# YOUR TASK
Give back the full listing exactly, setting the pictures aside.

TASK DATA section start

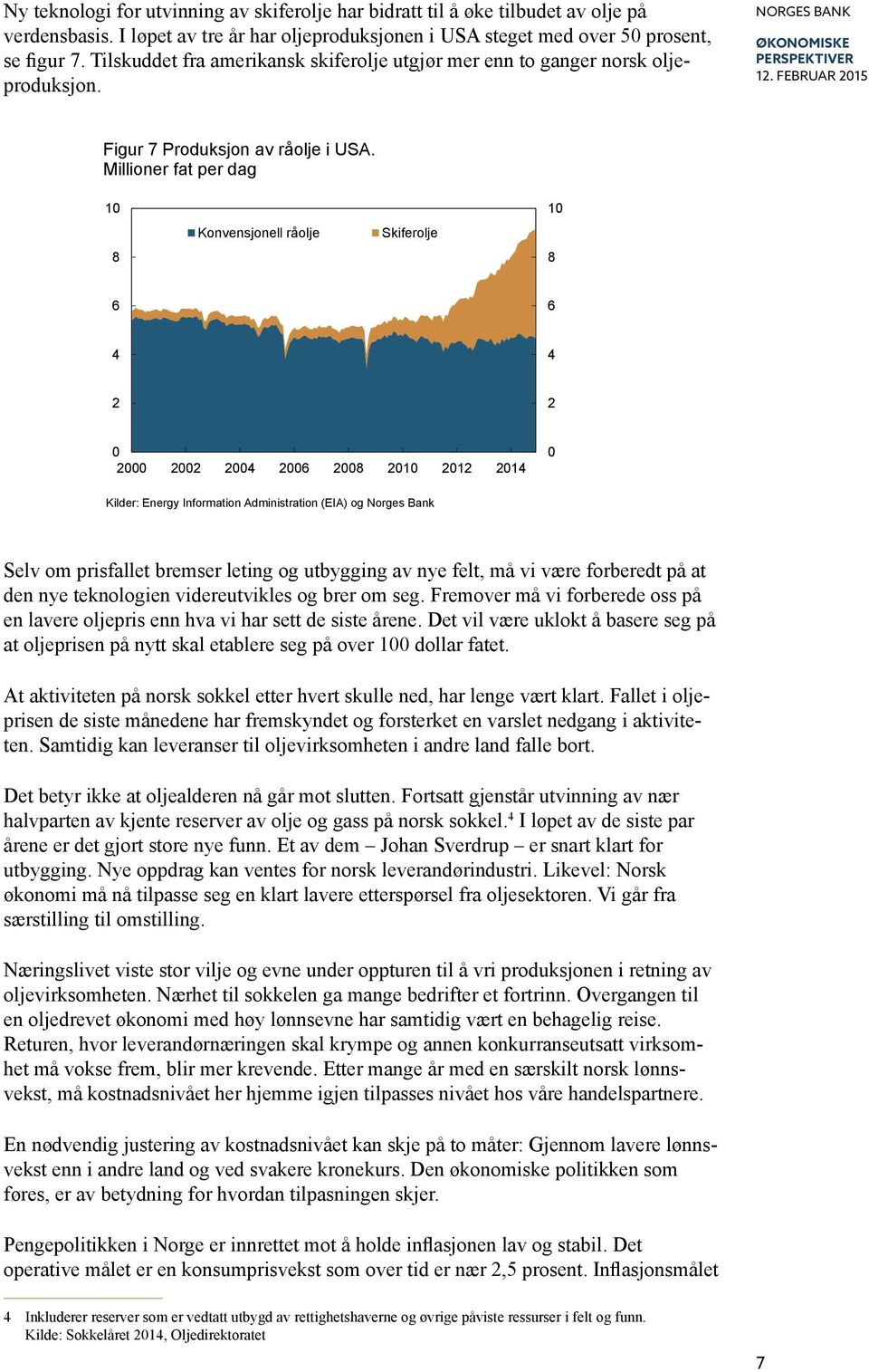 Millioner fat per dag 1 8 Konvensjonell råolje Skiferolje 1 8 8 1 1 1 Kilder: Energy Information Administration (EIA) og Selv om prisfallet bremser leting og utbygging av nye felt, må vi være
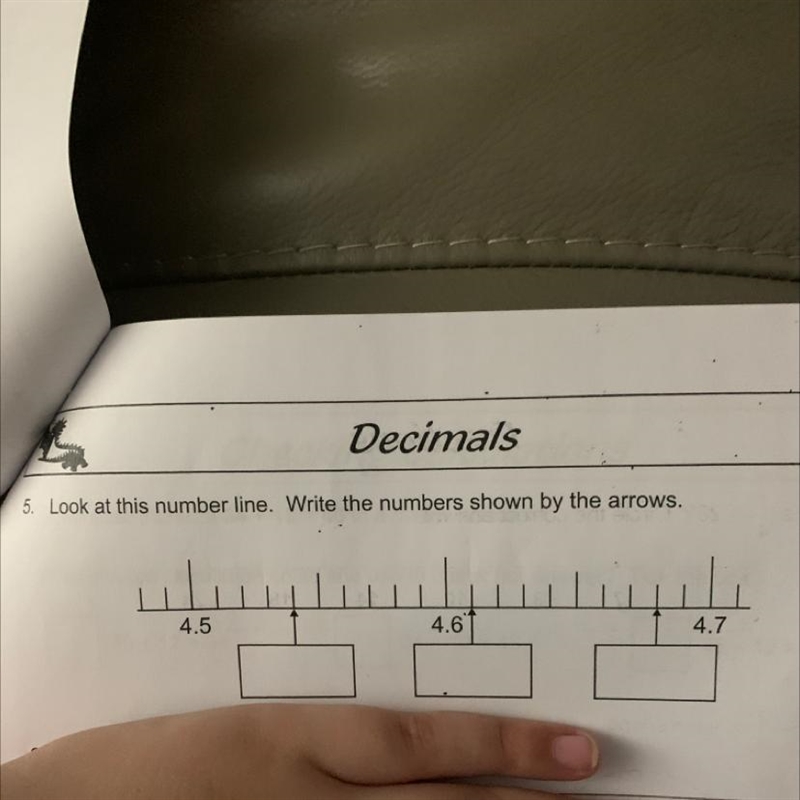 Look at this number line. Write the numbers shown by the arrows. الا 4.5 4.6 4.7-example-1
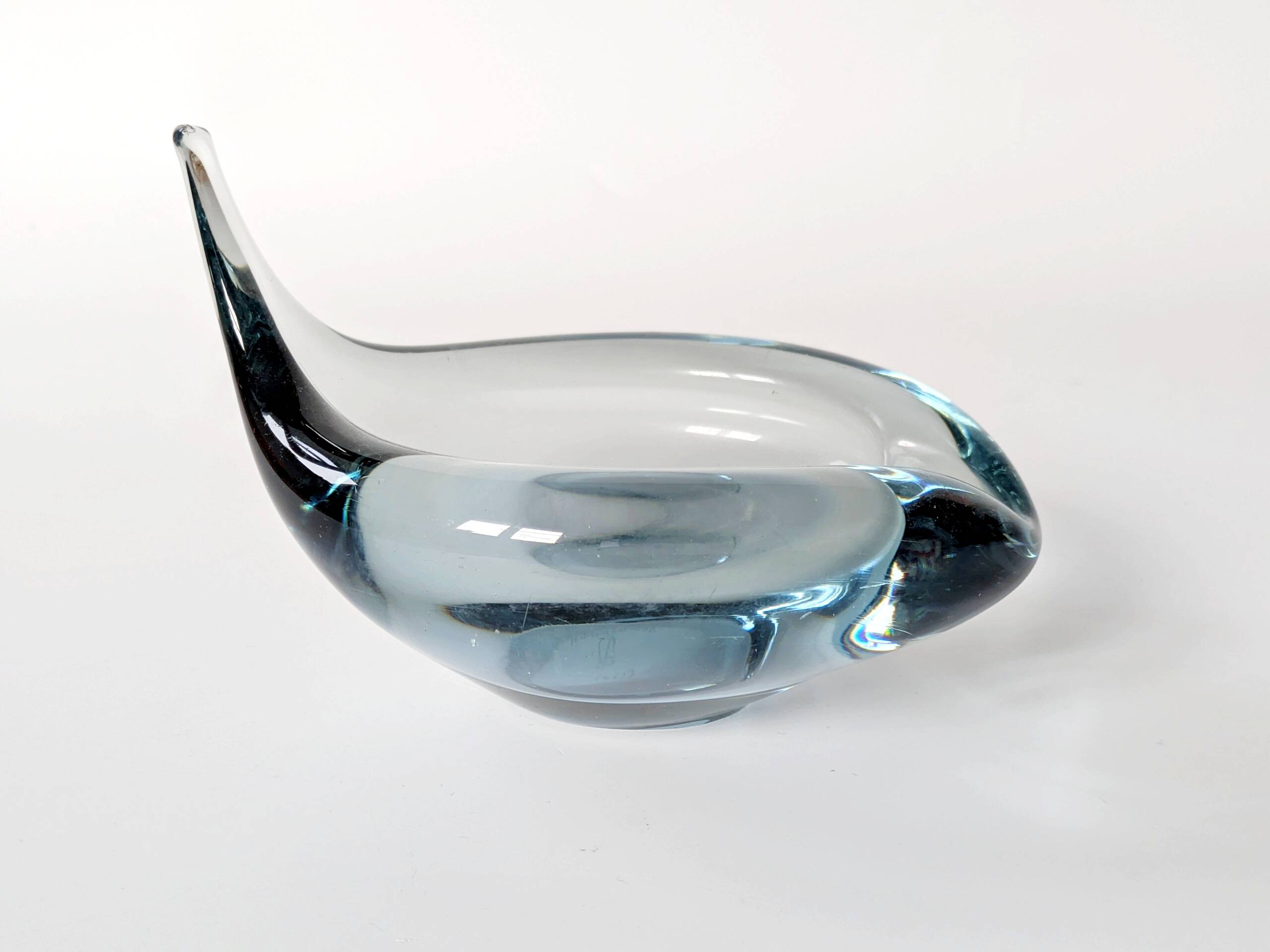 Vide poche en verra AKVA Per Lütken pour Holmegaard Danemark, années 60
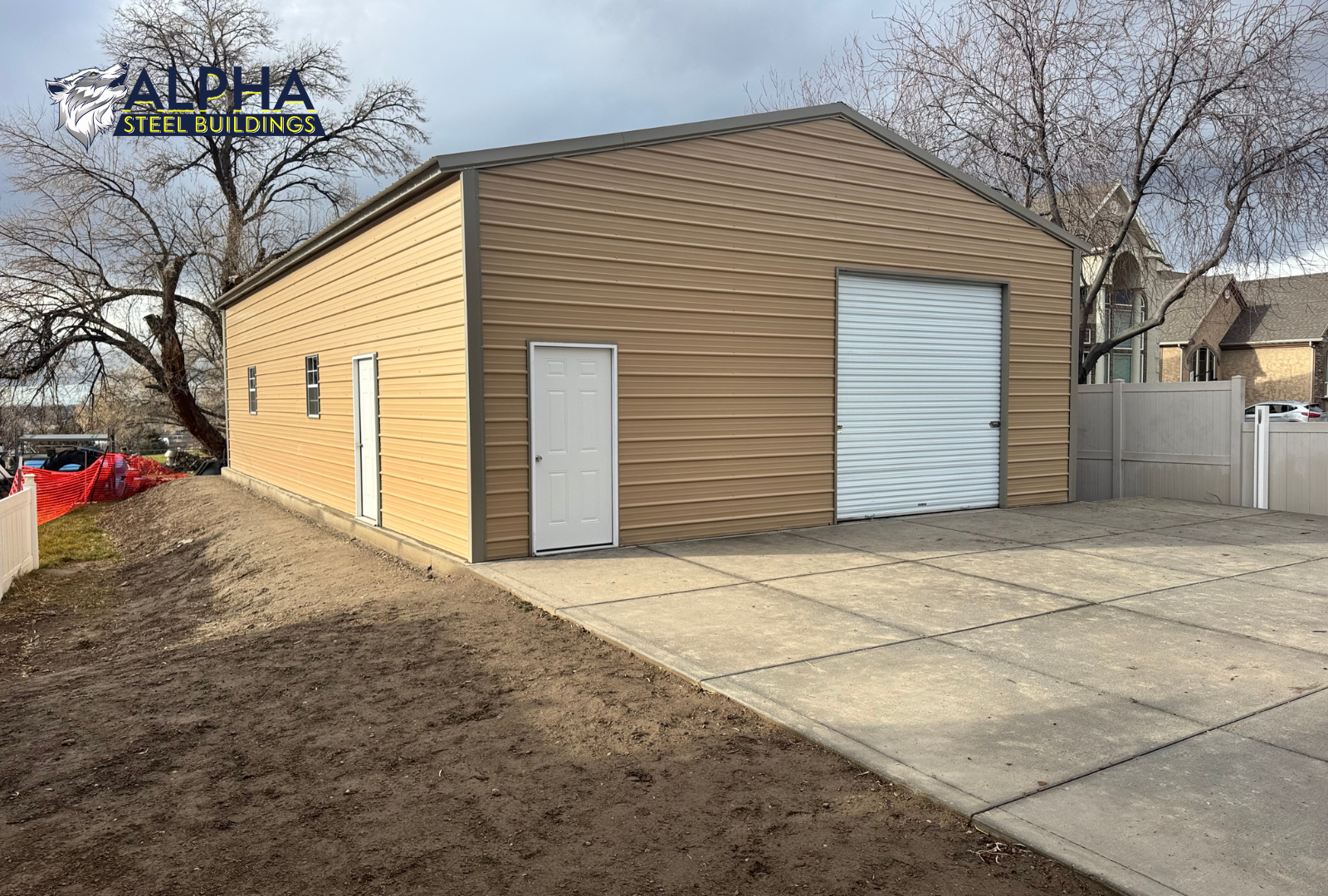 30x50 A-frame steel building with vertical roof, roll-up door, windows, and walk-in doors shown from front left angle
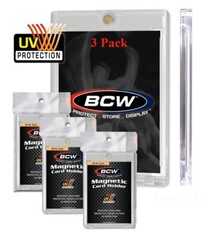 3 BCW Magnet Card Holder 55 Pt Recessed UV Protection Slab 2 1/2 x 3 1/2 Inside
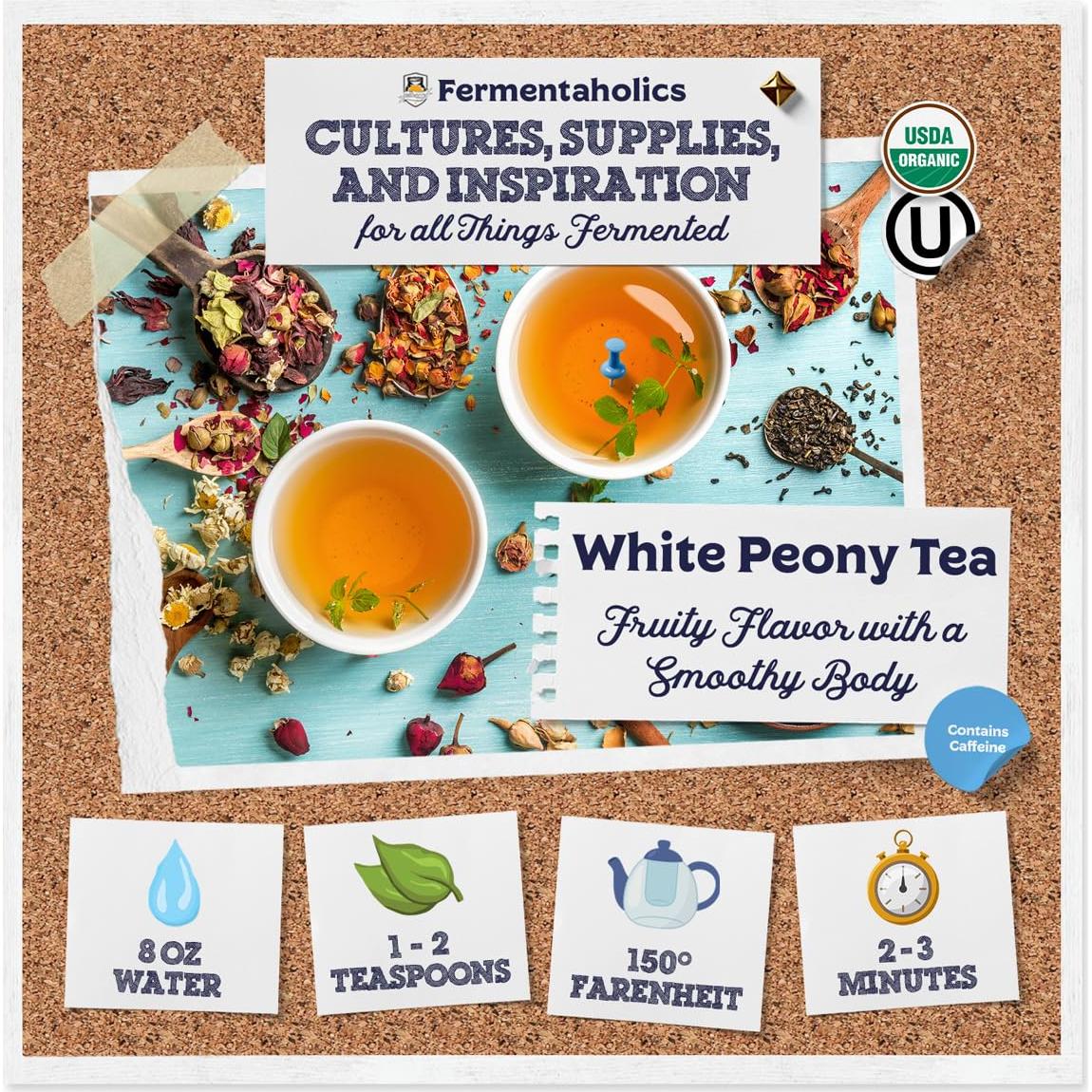 Té de Peonía Blanca Suelta Orgánico 56.7g - Fermentaholics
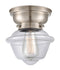 Oxford Flush Mount shown in the Brushed Satin Nickel finish with a Clear shade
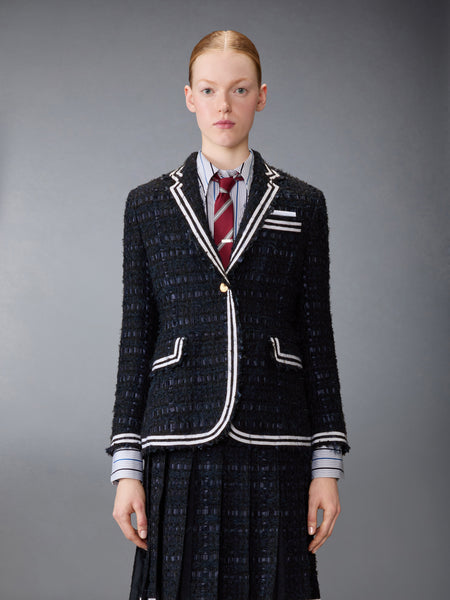 SATIN RIBBON TWEED UNCONSTRUCTED SPORTCOAT NAVY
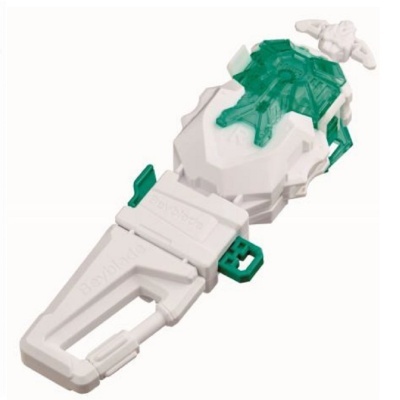 Dispositivo de plástico branco e verde com gancho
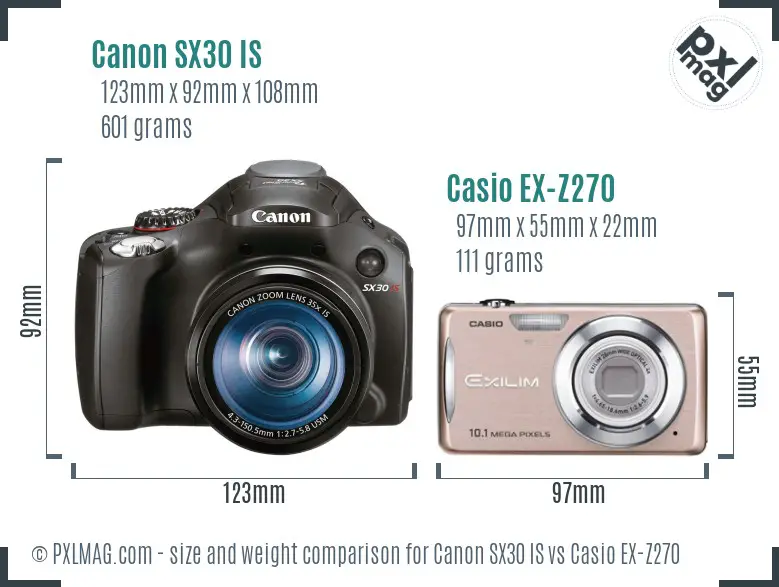 Canon SX30 IS vs Casio EX-Z270 size comparison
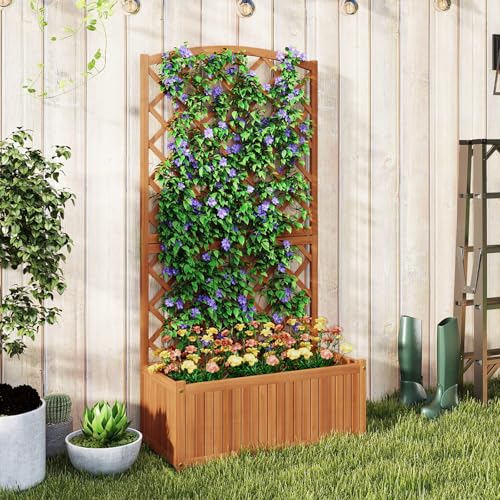 63" Wooden Raised Garden Bed with Trellis & Slat Bottom Base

TASK DATA section end

# SOLVED EXERCISE
 Millioner fat per dag 1 8 Konvensjonell råolje Skiferolje 1 8 8 1 1 1 Kilder: Energy Information Administration (EIA) og Selv om prisfallet bremser leting og utbygging av nye felt, må vi være
 Look at this number line. Write the numbers shown by the arrows. الا 4.5 4.6 4.7-example-1
 Vide poche en verra AKVA Per Lütken pour Holmegaard Danemark, années 60
 30x50 A-frame steel building with vertical roof, roll-up door, windows, and walk-in doors shown from front left angle
 3 BCW Magnet Card Holder 55 Pt Recessed UV Protection Slab 2 1/2 x 3 1/2 Inside
 Té de Peonía Blanca Suelta Orgánico 56.7g - Fermentaholics
 Oxford Flush Mount shown in the Brushed Satin Nickel finish with a Clear shade
 SATIN RIBBON TWEED UNCONSTRUCTED SPORTCOAT NAVY
 Dispositivo de plástico branco e verde com gancho
 Canon SX30 IS vs Casio EX-Z270 size comparison
 63" Wooden Raised Garden Bed with Trellis & Slat Bottom Base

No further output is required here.